From CNBC. “A slew of Chinese real estate developers said this week that they are either not able to release their financial results on time or have yet to set board meetings for them. Among them is troubled property developer Evergrande which shook investment markets last year as a result of its debt crisis. The developers gave a variety of reasons for not being able to do so. In a filing to the Hong Kong exchange on Tuesday, Evergrande said that due to the ‘drastic changes’ in its operational environment since the second half of last year, its auditor added ‘a large number of additional audit procedures’ this year.”

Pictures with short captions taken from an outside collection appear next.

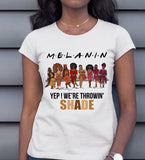 AFRICAN AMERICAN 120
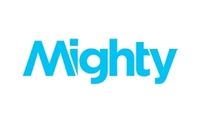 Mighty coupons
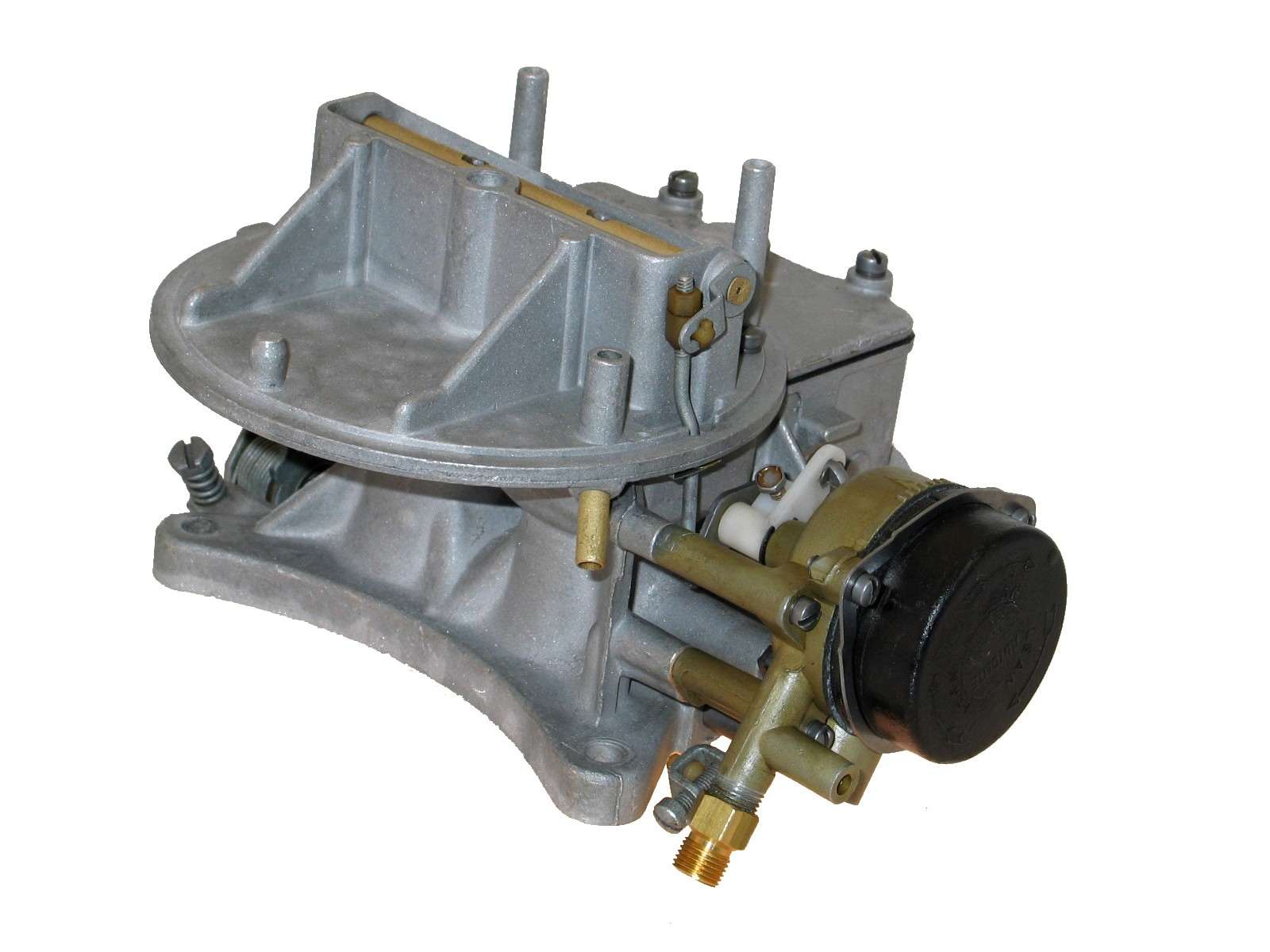 Uremco 7-7166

“Other developers said the resignation of auditors meant they could not issue their financial year (FY) 2021 earnings on time, according to Japanese bank Nomura. Developer Ronshine said Monday that PricewaterhouseCoopers (PwC) has quit, citing insufficient time for the audit as well as the Covid resurgence in China as two main reasons for the resignation. In the past two months, developers such as Aoyuan, Shanghai Shimao and Hopson also announced change of auditors.”

“‘When developers change auditors ahead of their full-year results season, it typically raises red flags regarding potential auditing issues and should lead to serious market concerns about the trustworthiness of their financial numbers,’ Nomura said in a Monday note.”